Notices to you will be sent to the address that you identify on your account as your contact for notices. We may send notices and other information to you by email or other electronic form.

b. License Transfers and Assignment. You may not assign this agreement either in whole or in part or transfer licenses without our consent.

c. Applicable law and venue. This agreement is governed by the laws of Sweden. If we bring an action to enforce this agreement, we will bring it in the jurisdiction where you have your headquarters. If you bring an action to enforce this agreement, you will bring it in Sweden. This choice of jurisdiction does not prevent either party from seeking injunctive relief in any appropriate jurisdiction with respect to violation of intellectual property rights.

d.

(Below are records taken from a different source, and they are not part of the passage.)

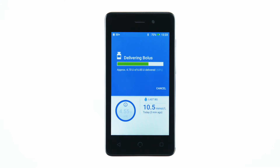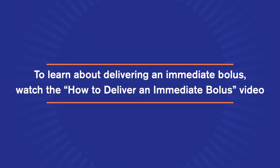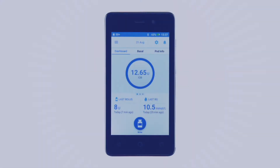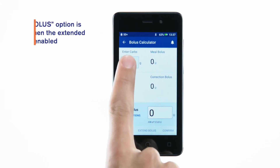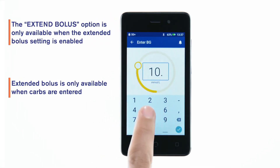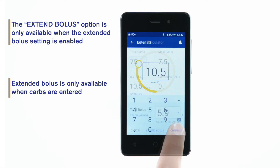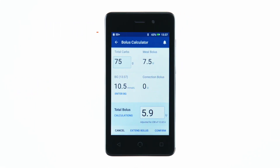The process of delivering an extended bolus is similar to the process of delivering an immediate bolus. To learn about delivering an immediate bolus, watch the How to deliver an immediate bolus video. To begin, tap the bolus button and enter the information as you would for an immediate bolus. Once you've entered the values and reviewed the bolus calculation, tap the Extend Bolus button rather than Confirm.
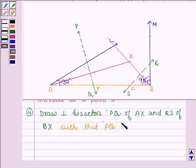Now let the two bisectors intersect the line segment AB at points Y and Z.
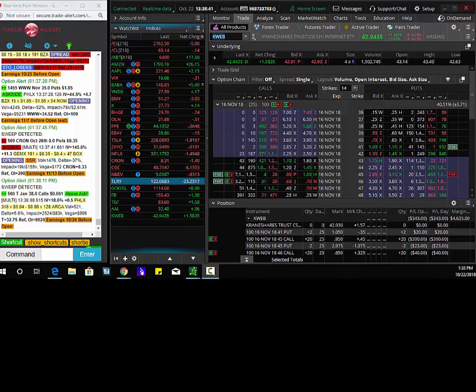Hey traders, Andrew King, CEO and president of Alphashark.com. This is your swing trade of the day and it's going to happen in KWeb.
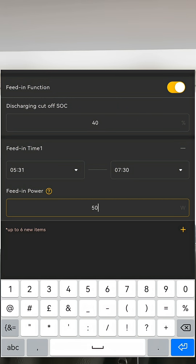All of the rest of the parameters we've left alone. I hope you enjoyed this video — I hope it's useful and helpful. It is really simple, and that's why we chose this Alpha ESS system.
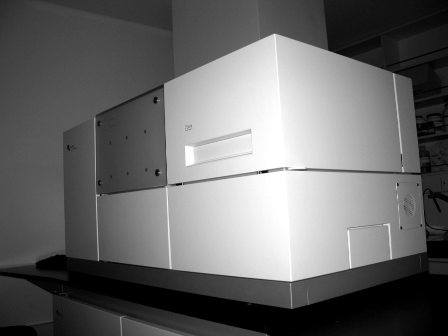High-throughput screens using automated imaging technology have become a standard method for both drug discovery and basic biological research.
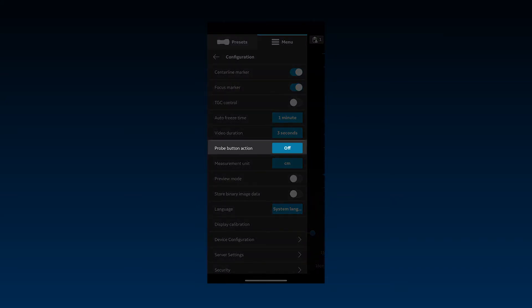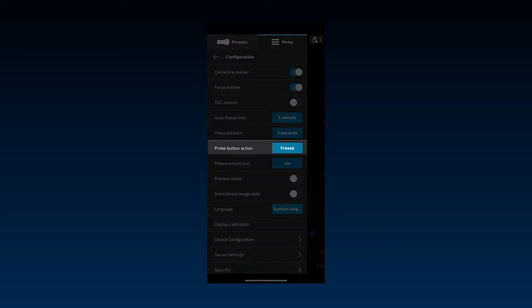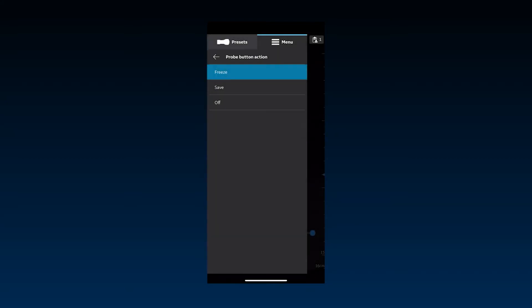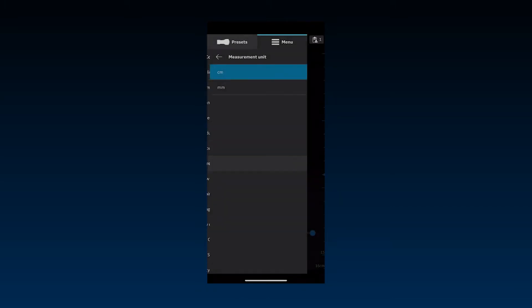The power button on the vScan Air probe can be configured for additional functionality such as freeze or save. This can be useful to eliminate the need to touch the display device during procedures. If you do not want to use any actions, simply select off from the power button. The measurement unit can be defaulted to centimeters or millimeters.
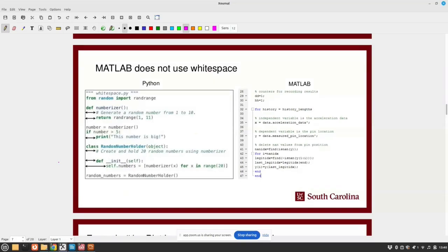Here's a quick thing about whitespace in MATLAB and Python. In Python, whitespace and indents actually mean something. In MATLAB, you can just shift everything to the left, or highlight it all and press Control-I, which automatically indents it and makes people's code look better.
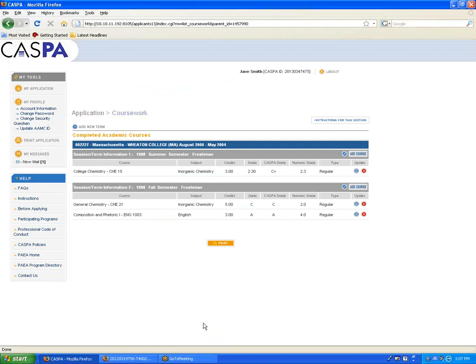If you save the class, you can see that it adds that second course under that same fall semester heading. If you're doing this correctly, you'll begin to notice your coursework section starts to resemble your transcript, where the classes are grouped under the correct term heading.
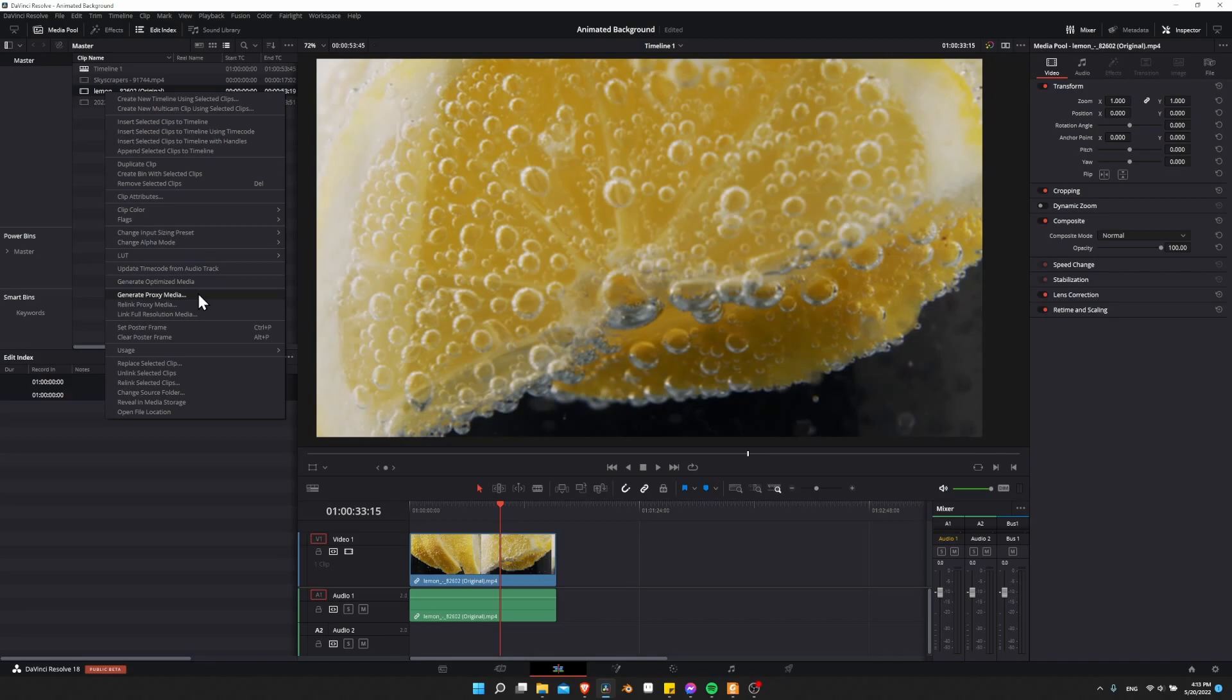They're really similar in that they will change your video format and possibly shrink the resolution on the clip that is going to play back in the timeline.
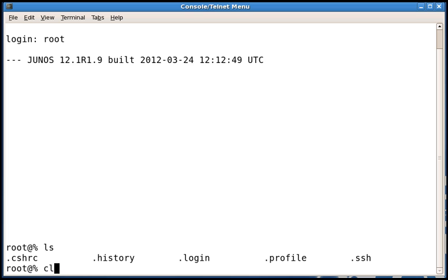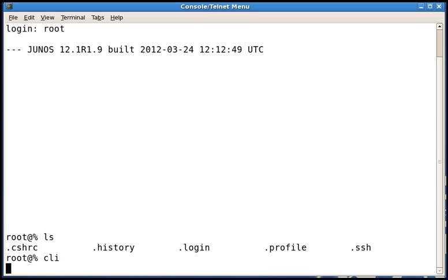From here we want to type CLI to start the command line interface. This will then take us to operational mode.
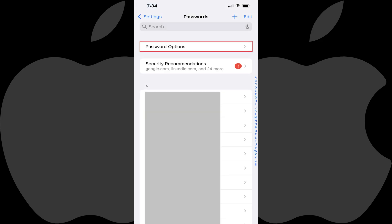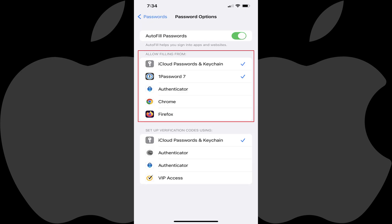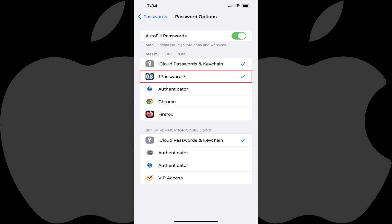Step 3. Click Password Options. You'll land on the Password Options screen. You'll see your current default password manager selected in the Allow Filling From section, along with iCloud Passwords and Keychain. You can see my current default password manager is 1Password.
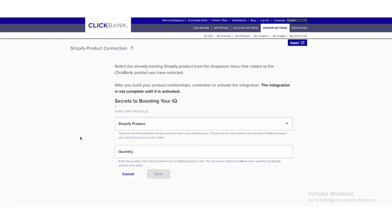After that, fill the Secret Boosting IQ bar and then click on the Save button.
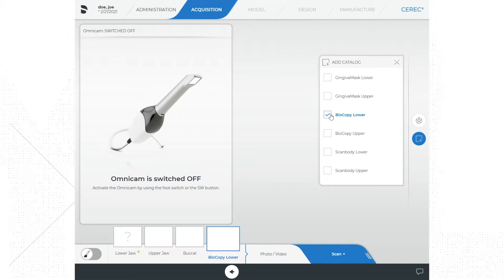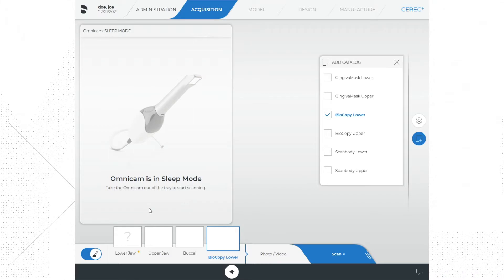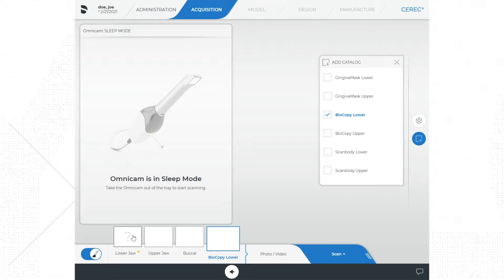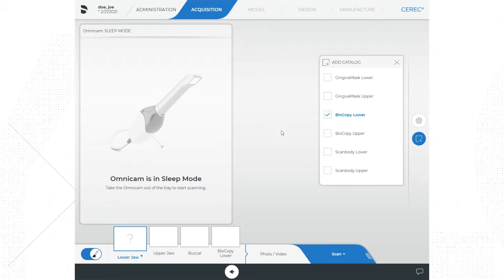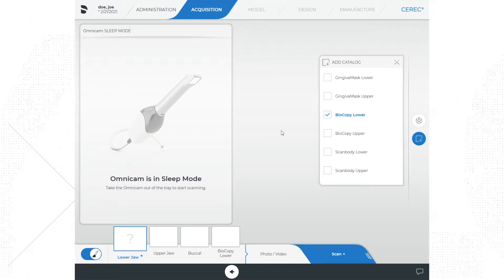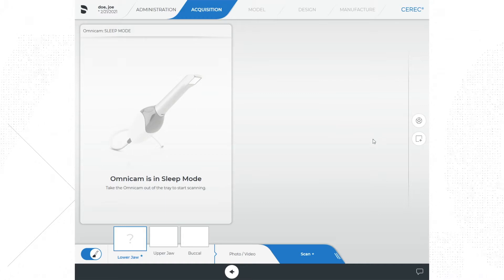I frequently like to add a bio copy of the jaw I plan to prep. For example, if we are prepping number 30, I would scan the jaw prior to the prep, then copy the lower jaw catalog and move a copy of that scan to the newly added biocopy lower catalog. I would then cut out the tooth I'm going to prep on the lower jaw catalog and rescan the prep. Later in the design phase I can turn on the biocopy of the lower jaw and actually see if my restoration is similar to what the patient originally started with.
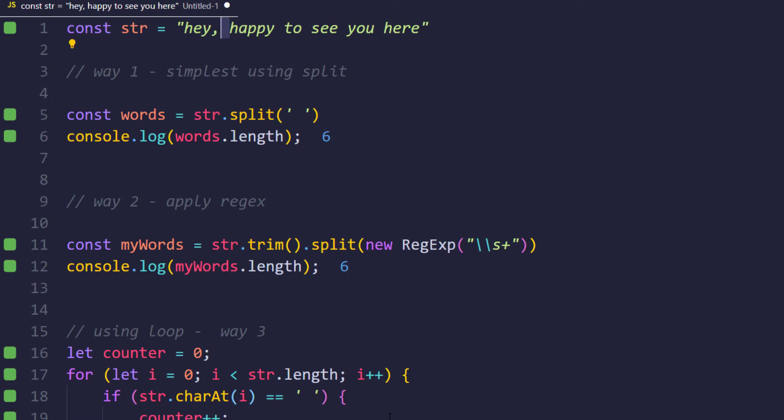So in this way we can find the number of words in three different techniques. Also we can apply more techniques like we can use the filter function or we can use the reduce function or even the map function to solve this. This is very simple programs and I think you got the idea, and this will help you when we are going to attend any of the automation interview. Thanks for watching, see you in the next one very soon.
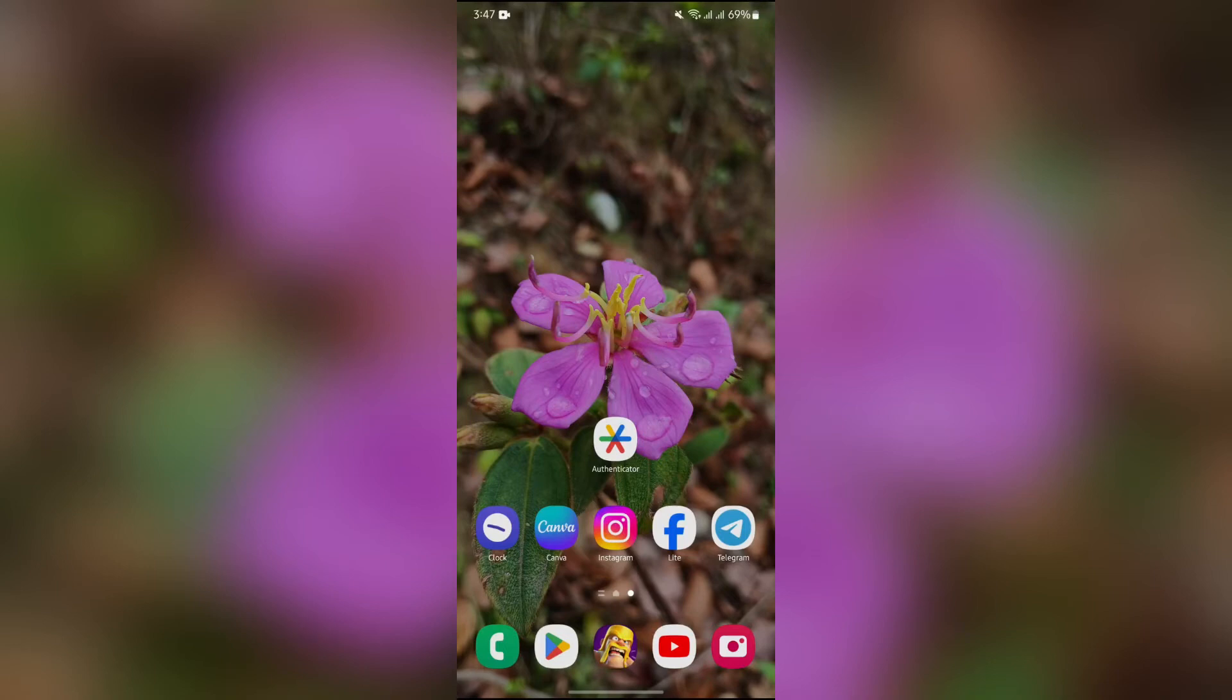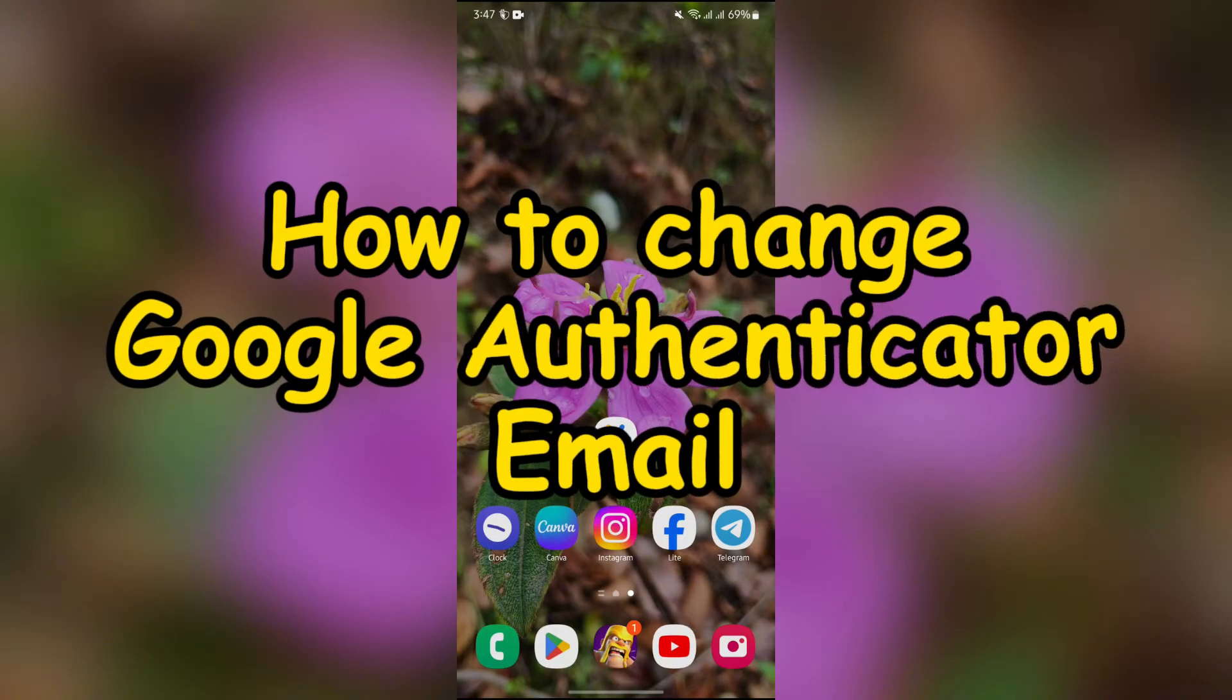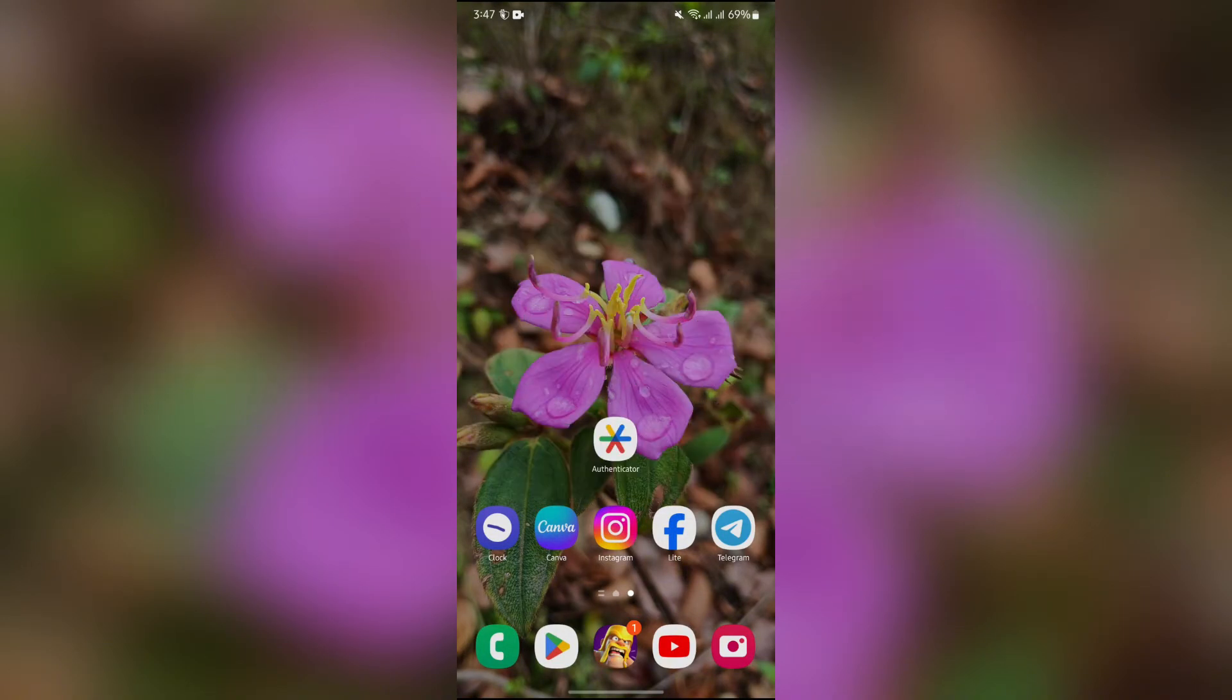Hey guys, welcome back to yet another helpful video from How Logical. In this video, I'm going to show you how to change Google Authenticator email. So without any further ado, let's dive right into this exciting video.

Entire agreement. This agreement is the entire agreement concerning its subject matter and supersedes any prior or concurrent communications.

e. Survival. The terms in Sections 1, 2.c., 2.e., 4, 5, 6, 7, and 8 will survive termination or expiration of this agreement.

f. Swedish export jurisdiction. The Products are subject to Swedish jurisdiction.

g. Force majeure. Neither party will be liable for any failure in performance due to causes beyond that party’s reasonable control (such as fire, explosion, power blackout, earthquake, flood, severe storms, strike, embargo, labor disputes, acts of civil or military authority, war, terrorism (including cyber terrorism), acts of God, acts or omissions of Internet traffic carriers, actions or omissions of regulatory or governmental bodies (including the passage of laws or regulations or other acts of government that impact the delivery of GHOST)). This Section will not, however, apply to your payment obligations under this agreement.

h. Contracting authority. If you are an individual accepting these terms on behalf of an entity, you represent that you have the legal authority to enter into this agreement on that entity’s behalf. If you specify an entity, or you use an email address provided by an entity you are affiliated with (such as an employer) in connection with a Subscription purchase or renewal, that entity will be treated as the owner of the Subscription for purposes of this agreement.

i. Government customers. Government customers should consult with us prior to acceptance. By accepting this agreement, you represent that you have complied and will continue to comply with all applicable laws and governmental procurement requirements.

9. Definitions.

Any reference in this Agreement to “day” will be a calendar day.

“Affiliate” means any legal entity that a party owns, that owns a party, or that is under common ownership with a party. “Ownership” means, for purposes of this definition, control of more than a 50% interest in an entity.

“Consumption Offering”, “Commitment Offering”, or “Limited Offering” describe categories of Subscription offers and are defined in Section 2.

“End User” means any person you permit to access Customer Data hosted in GHOST or otherwise use GHOST, or any user of a Customer Solution.

“Managed Service Solution” means a managed IT service you provide to a third party that consists of the administration of and support for GHOST.

“Offer Details” means the pricing and related terms applicable to a Subscription offer, as published in the Portal.

“Previews” means preview, beta, or other pre-release version or feature of the GHOST or Software offered by Ghost to obtain customer feedback.

“Portal” means the GHOST’ respective web sites that can be found at http:/ghostnodes.com/.

“SLA” means the commitments we make regarding delivery and/or performance of an Online Service, as published at https://ghostnodes.com/.

“Subscription” means an enrollment for GHOST for a defined Term as specified on the Portal. You may purchase multiple Subscriptions, which may be administered separately, and which will be governed by the terms of a separate GHOST Subscription Agreement.

“Term” means the duration of a Subscription (e.g., 30 days or 12 months).